Prompt: Reproduce exactly only the lines from the line that holds "První pomoc u dětí, 3., přeprac. vyd." to the line that holds "La Liberacion del Tejedor de Milagros", inclusive, in the listing below, and please leave out every picture.

Data extract:

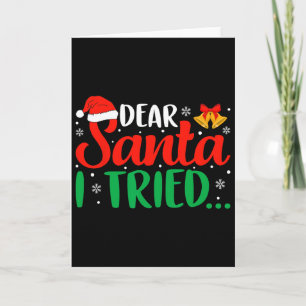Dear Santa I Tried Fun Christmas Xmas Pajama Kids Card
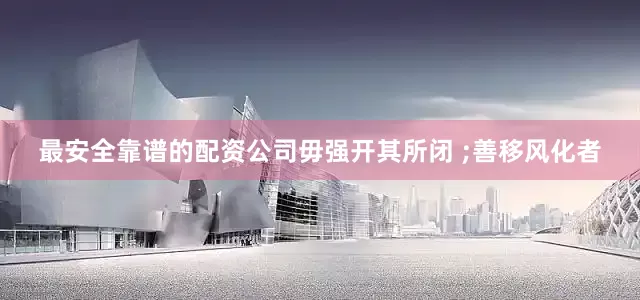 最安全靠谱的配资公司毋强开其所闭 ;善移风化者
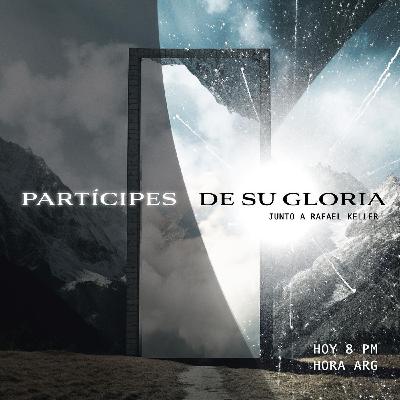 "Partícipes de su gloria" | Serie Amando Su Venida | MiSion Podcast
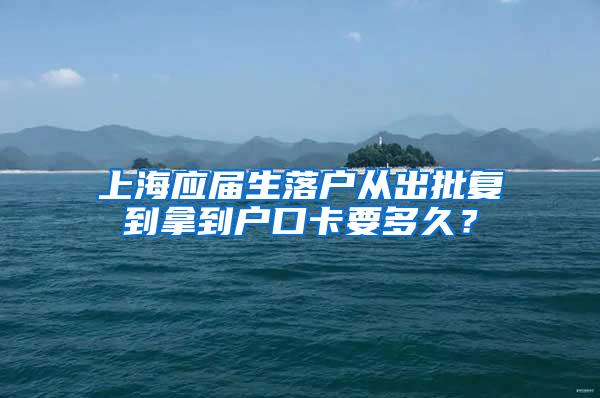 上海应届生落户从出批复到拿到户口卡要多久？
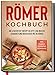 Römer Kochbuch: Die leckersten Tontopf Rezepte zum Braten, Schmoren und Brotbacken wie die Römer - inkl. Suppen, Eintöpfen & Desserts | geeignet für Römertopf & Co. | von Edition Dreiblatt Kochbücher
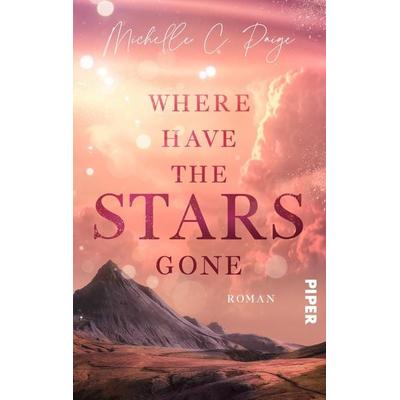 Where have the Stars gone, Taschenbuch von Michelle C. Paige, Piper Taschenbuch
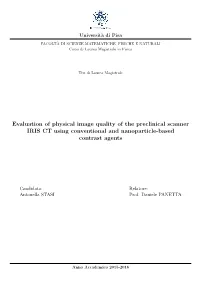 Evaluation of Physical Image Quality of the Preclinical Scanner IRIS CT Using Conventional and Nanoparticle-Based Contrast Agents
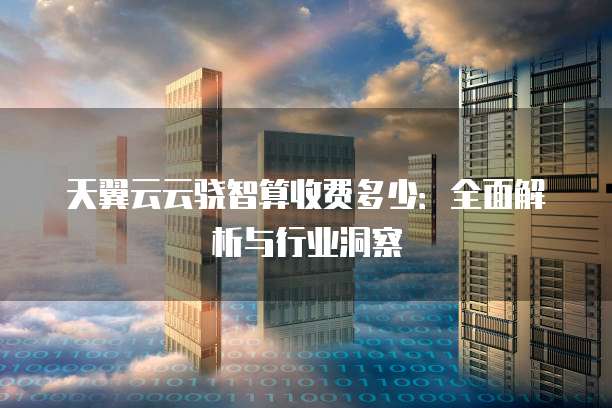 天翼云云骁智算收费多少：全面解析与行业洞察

---

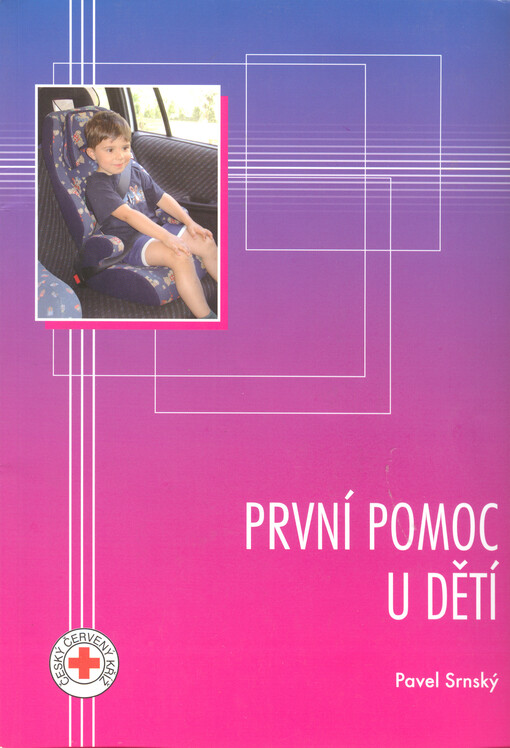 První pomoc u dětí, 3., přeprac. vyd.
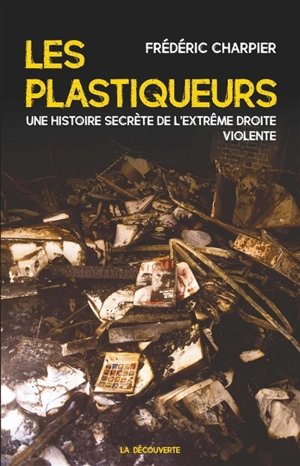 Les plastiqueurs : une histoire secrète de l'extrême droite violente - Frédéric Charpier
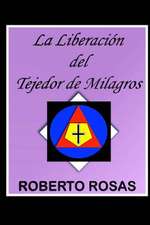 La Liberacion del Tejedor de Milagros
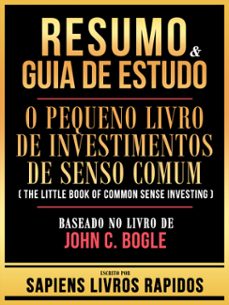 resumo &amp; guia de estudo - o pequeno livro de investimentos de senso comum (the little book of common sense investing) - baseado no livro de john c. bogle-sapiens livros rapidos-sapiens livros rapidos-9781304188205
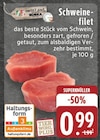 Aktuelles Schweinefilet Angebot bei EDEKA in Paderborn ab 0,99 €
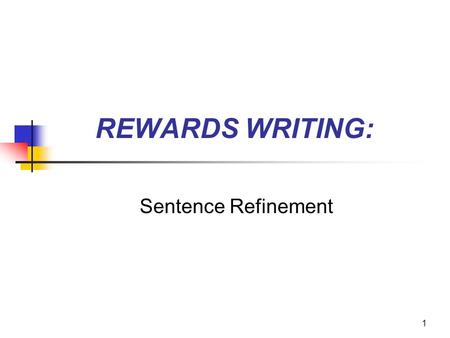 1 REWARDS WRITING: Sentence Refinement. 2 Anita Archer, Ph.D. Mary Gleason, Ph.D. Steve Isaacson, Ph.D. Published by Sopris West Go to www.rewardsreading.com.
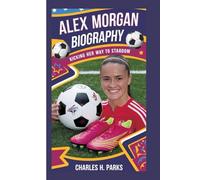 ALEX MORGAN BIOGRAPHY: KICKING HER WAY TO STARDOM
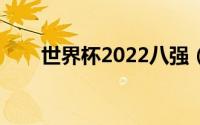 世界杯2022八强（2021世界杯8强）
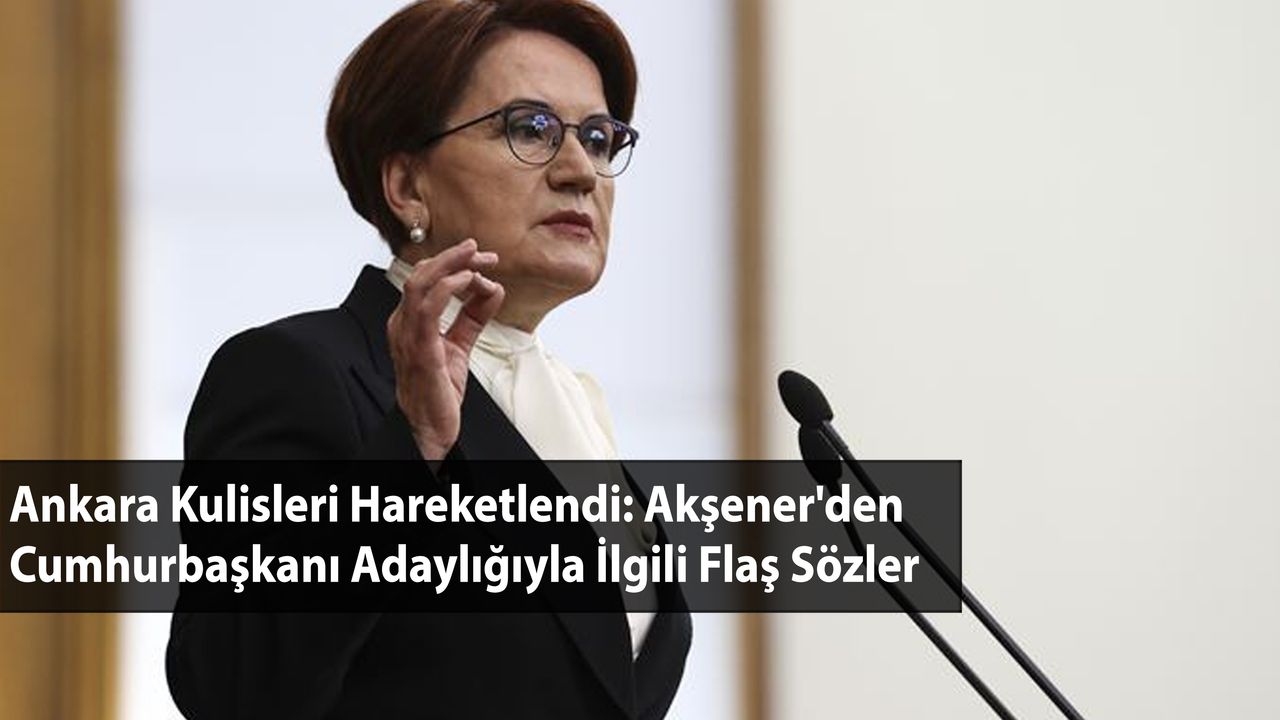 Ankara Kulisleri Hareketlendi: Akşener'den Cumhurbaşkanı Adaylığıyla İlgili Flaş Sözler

--

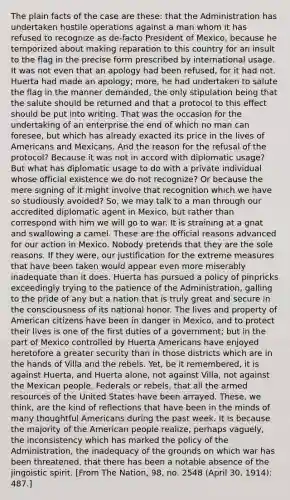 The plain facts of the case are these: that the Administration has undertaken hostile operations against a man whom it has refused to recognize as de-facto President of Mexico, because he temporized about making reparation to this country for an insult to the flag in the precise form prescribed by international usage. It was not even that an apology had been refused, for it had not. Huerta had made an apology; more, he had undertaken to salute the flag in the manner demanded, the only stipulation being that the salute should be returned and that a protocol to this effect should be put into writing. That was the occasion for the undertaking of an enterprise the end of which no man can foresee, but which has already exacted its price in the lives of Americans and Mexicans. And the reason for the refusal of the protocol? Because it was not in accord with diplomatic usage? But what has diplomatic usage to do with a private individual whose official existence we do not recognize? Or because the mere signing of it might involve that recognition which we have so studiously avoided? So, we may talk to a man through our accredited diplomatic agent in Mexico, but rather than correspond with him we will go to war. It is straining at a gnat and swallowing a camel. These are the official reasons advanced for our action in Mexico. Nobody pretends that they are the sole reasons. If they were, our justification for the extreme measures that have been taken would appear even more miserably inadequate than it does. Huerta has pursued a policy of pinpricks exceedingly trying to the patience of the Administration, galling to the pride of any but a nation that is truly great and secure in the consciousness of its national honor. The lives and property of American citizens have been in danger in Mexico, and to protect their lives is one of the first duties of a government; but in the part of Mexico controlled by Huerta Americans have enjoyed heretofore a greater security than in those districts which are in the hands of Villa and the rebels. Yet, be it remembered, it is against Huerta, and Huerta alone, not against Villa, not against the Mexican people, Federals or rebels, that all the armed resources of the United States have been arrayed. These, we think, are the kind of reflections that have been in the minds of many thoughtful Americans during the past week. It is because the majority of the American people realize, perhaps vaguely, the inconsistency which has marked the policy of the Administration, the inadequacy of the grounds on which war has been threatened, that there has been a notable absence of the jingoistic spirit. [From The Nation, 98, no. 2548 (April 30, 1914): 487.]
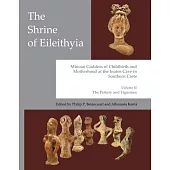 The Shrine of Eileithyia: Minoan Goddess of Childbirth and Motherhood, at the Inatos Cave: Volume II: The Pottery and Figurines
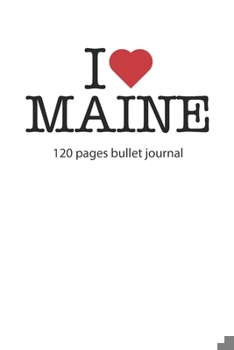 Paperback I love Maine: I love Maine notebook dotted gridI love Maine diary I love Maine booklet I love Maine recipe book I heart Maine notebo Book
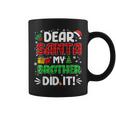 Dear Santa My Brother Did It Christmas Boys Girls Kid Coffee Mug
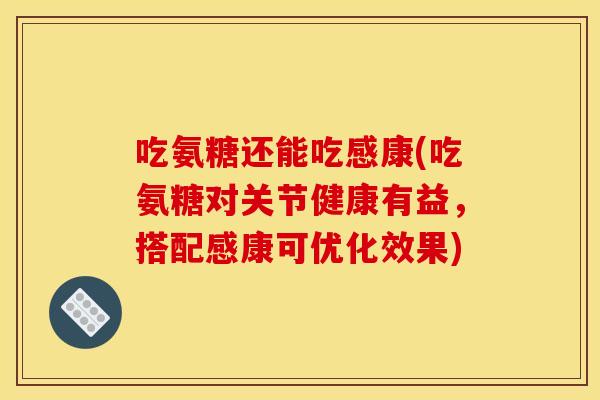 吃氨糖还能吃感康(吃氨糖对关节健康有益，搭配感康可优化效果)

Output of the task:
 První pomoc u dětí, 3., přeprac. vyd.
 Les plastiqueurs : une histoire secrète de l'extrême droite violente - Frédéric Charpier
 La Liberacion del Tejedor de Milagros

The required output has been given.